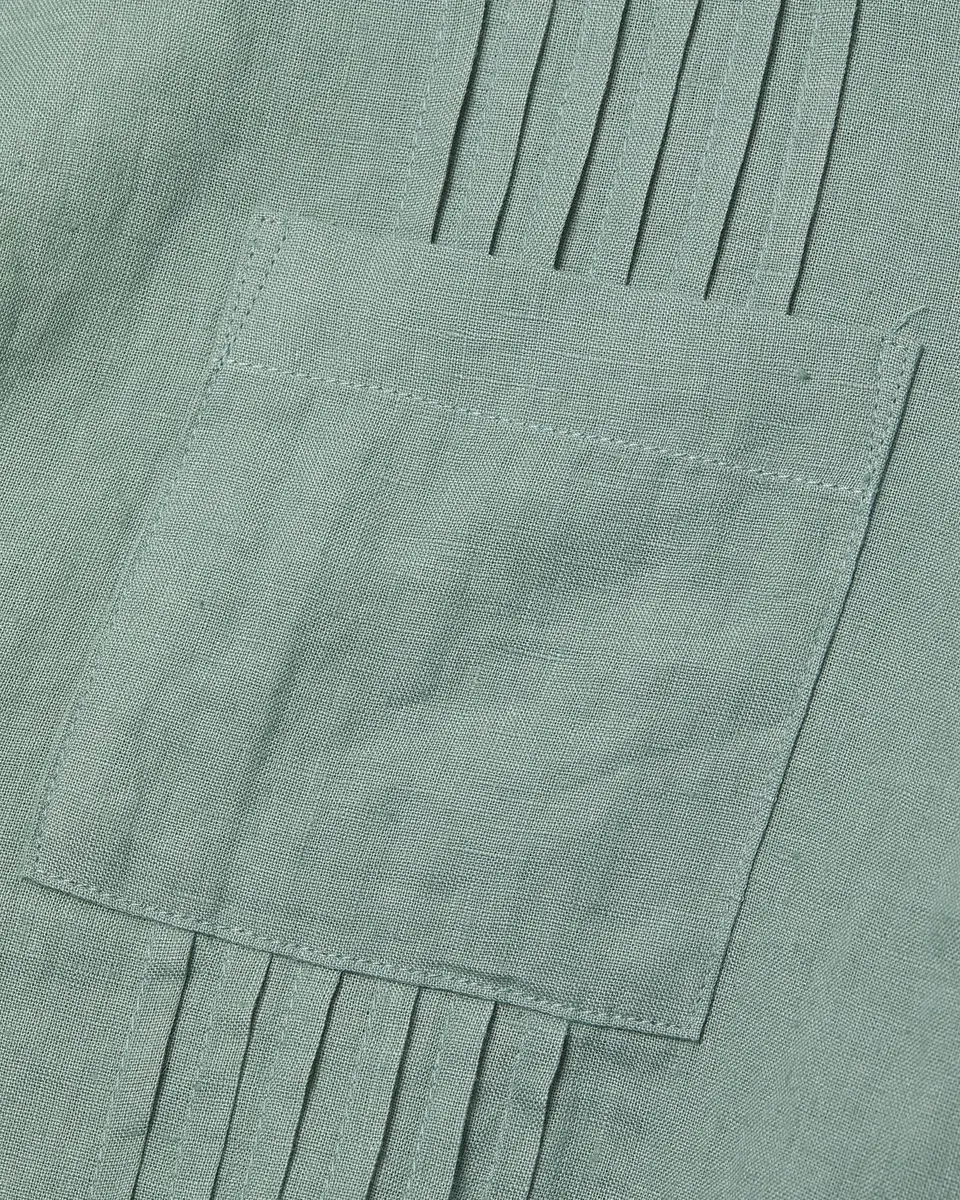 Onia Men's Linen Pintuck Camp Shirt | Thumbnail 6 Onia Men's Linen Pintuck Camp Shirt | Thumbnail 6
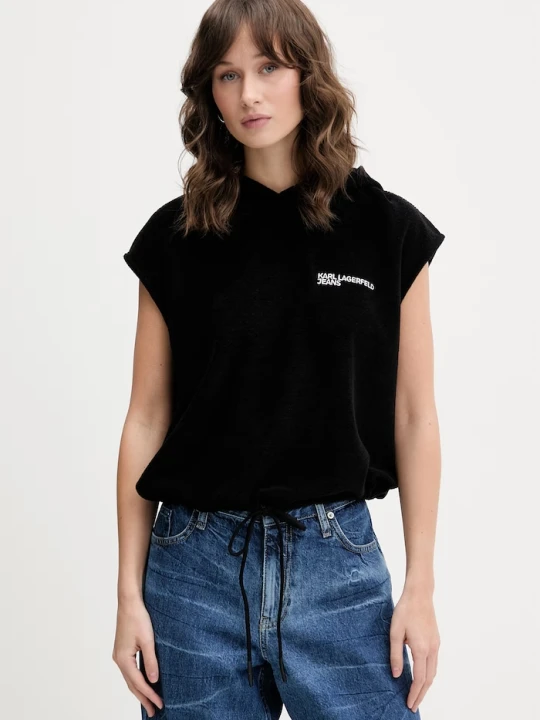 Zdjęcie produktu Karl Lagerfeld Jeans bluza oversize damska czarny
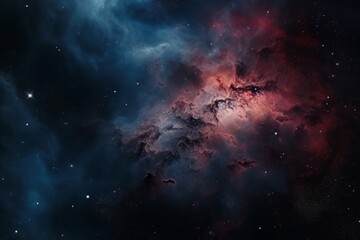Wall Mural - a close up of a nebula in the night sky, with a variety of colors and shapes visible in the composit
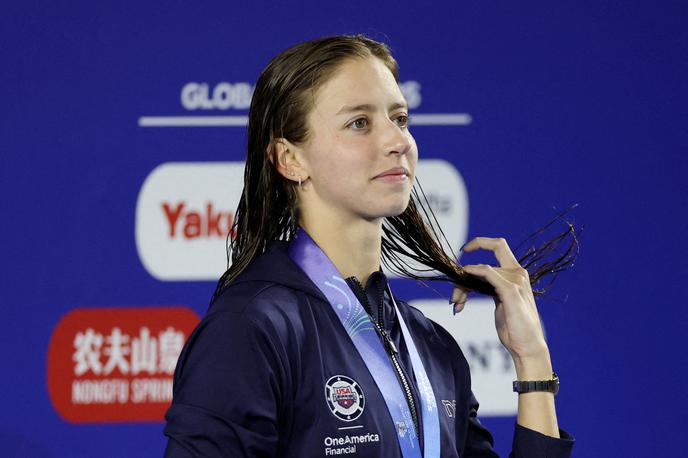 Kate Douglass | Kate Douglass je postavila svetovni rekord na 50 metrov prosto. | Foto Reuters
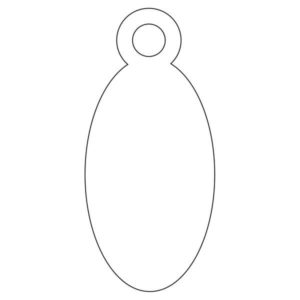 Apli Etiquetas Colgantes Blancas 11 x 24mm 1.000 U.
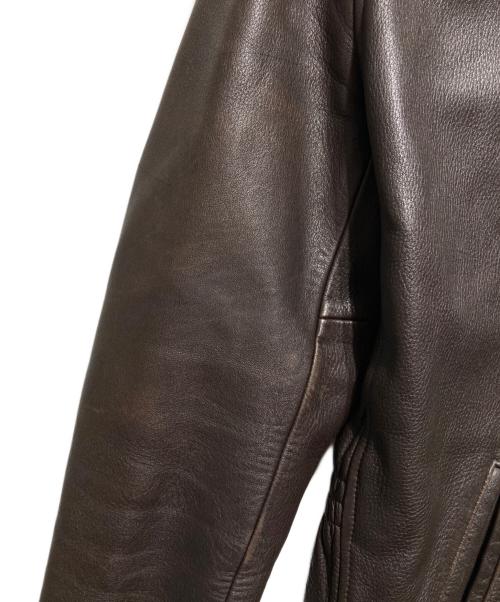 L.L.Bean（エルエルビーン）L.L.Bean (エルエルビーン) 80'S USA製シングルレザージャケット/Single-breasted leather jacket ブラウン サイズ:Sの古着・服飾アイテム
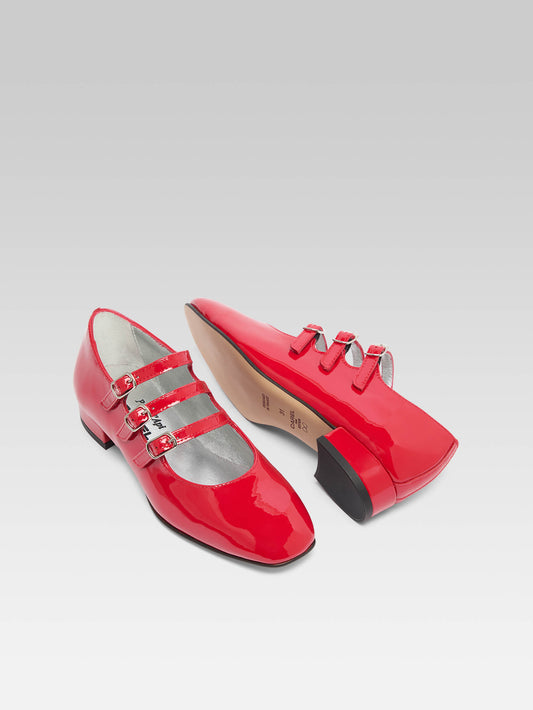 Little Kina - Red patent leather Mary Janes - Image number 7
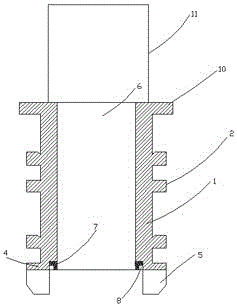 Water pipe connector insert and alloy material used for producing water pipe connector insert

* * * * *

__Exercise prompt__:
With the pictures left out, copy exactly the lines from the one containing "Zdjęcie produktu Karl" through the last line of the data.

__Exercise solution__:
 Zdjęcie produktu Karl Lagerfeld Jeans bluza oversize damska czarny
Wall Mural - a close up of a nebula in the night sky, with a variety of colors and shapes visible in the composit
 Kate Douglass | Kate Douglass je postavila svetovni rekord na 50 metrov prosto. | Foto Reuters
 Apli Etiquetas Colgantes Blancas 11 x 24mm 1.000 U.
 L.L.Bean（エルエルビーン）L.L.Bean (エルエルビーン) 80'S USA製シングルレザージャケット/Single-breasted leather jacket ブラウン サイズ:Sの古着・服飾アイテム
 Little Kina - Red patent leather Mary Janes - Image number 7
 Water pipe connector insert and alloy material used for producing water pipe connector insert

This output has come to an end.